There are at least two glaring problems with this analysis.
First, the Massachusetts standards she wrote (which the Common Core have since replaced) include very similar expectations, including a third-grade expectation that students “analyze how major events led from problem to solution” and a fourth-grade standard that asks students to “make judgments about setting, characters, and events and support them with evidence from the text.”
Second and even more critically, the “abstract and generic” standard Stotsky cites is actually one of ten “anchor” standards that are meant to be broad. The detailed grade-specific standards that follow clarify precisely what students should be able to do to demonstrate firm mastery of the “anchor.” In Kindergarten, for instance, the related grade-specific standard asks students to “identify characters, settings, and major events in a story.” By grade six, students are expected to
describe how a particular story’s or drama’s plot unfolds in a series of episodes as well as how the characters respond or change as the plot moves toward a resolution.
And by the end of high school, students are asked to
analyze the impact of the author’s choices regarding how to develop and relate elements of a story or drama (e.g., where a story is set, how the action is ordered, how the characters are introduced and developed)
These grade-specific standards are not only clearer and more explicit than the anchor standard, but they show a progression of knowledge and skills that is expected from year to year.
What Stotsky fails to acknowledge is the volume of guidance in the Common Core focused on clarifying the quality and complexity of texts teachers should assign at each grade level—including an appendix that exemplifies the kinds of great literature and literary nonfiction that students should be reading and analyzing to be prepared for college and beyond.

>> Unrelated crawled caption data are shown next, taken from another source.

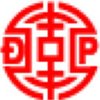 DongPhongArtGallery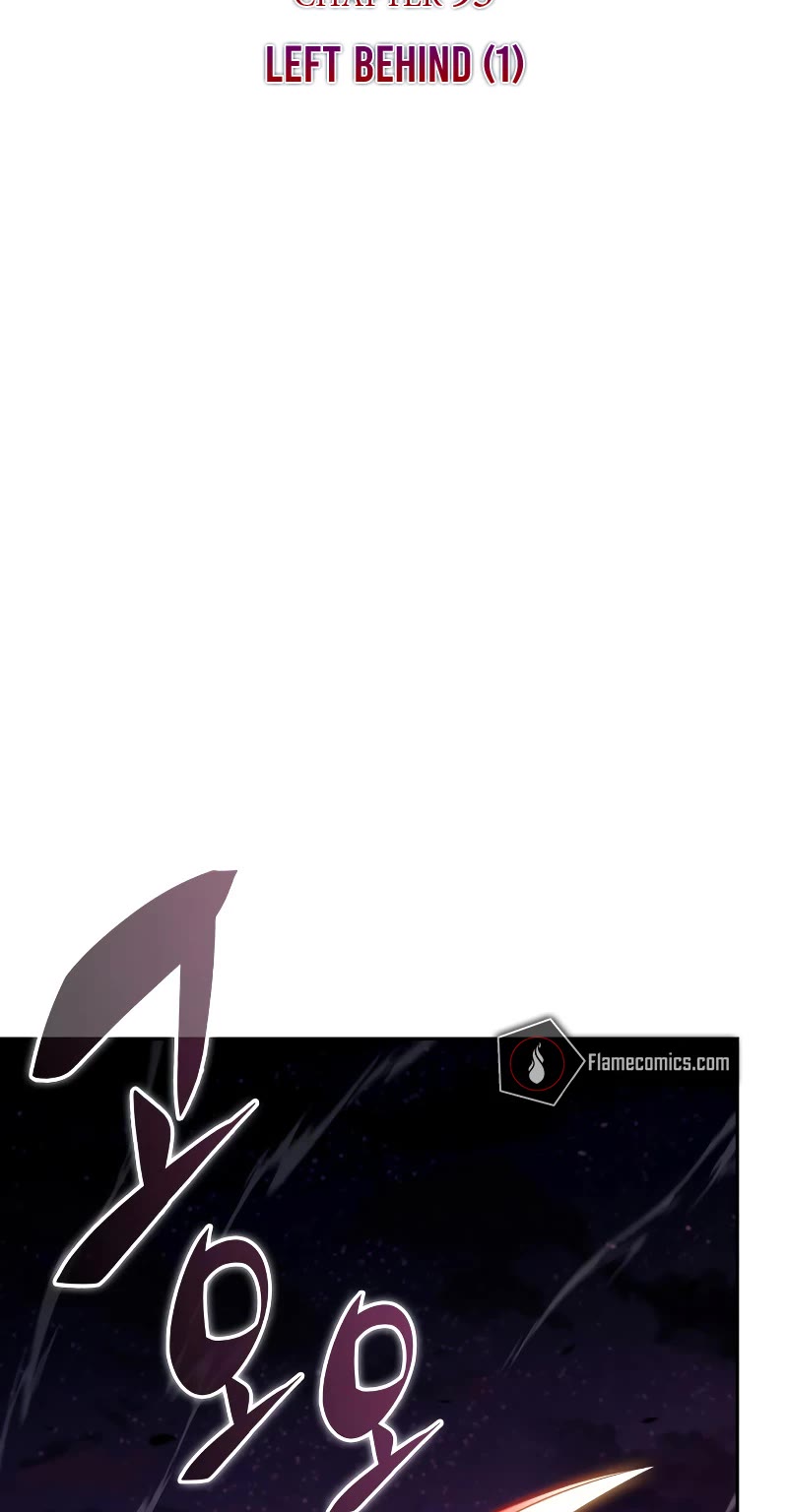 The Regressed Son of a Duke is an Assassin chapter 93 page 11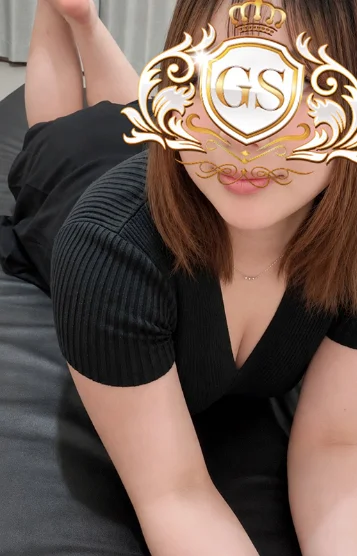 小沢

These are hardly the makings of “vague and general skills.” Indeed, they clarify the kind of higher-level literary analysis that students should do and how that analysis should build from grade to grade.
In the end, we—the Common Core supporters Stotsky decries—share many of her goals, chief among them to increase the rigor of reading and analysis in English language arts classes. While we can certainly disagree on the best way to achieve that end, we mustn’t lose sight of the goal itself—which is now being lost amidst the noise, fist pounding, and unnecessary ad-hominem attacks.
This article was updated on Thursday, June 20, for the Education Gadfly Daily.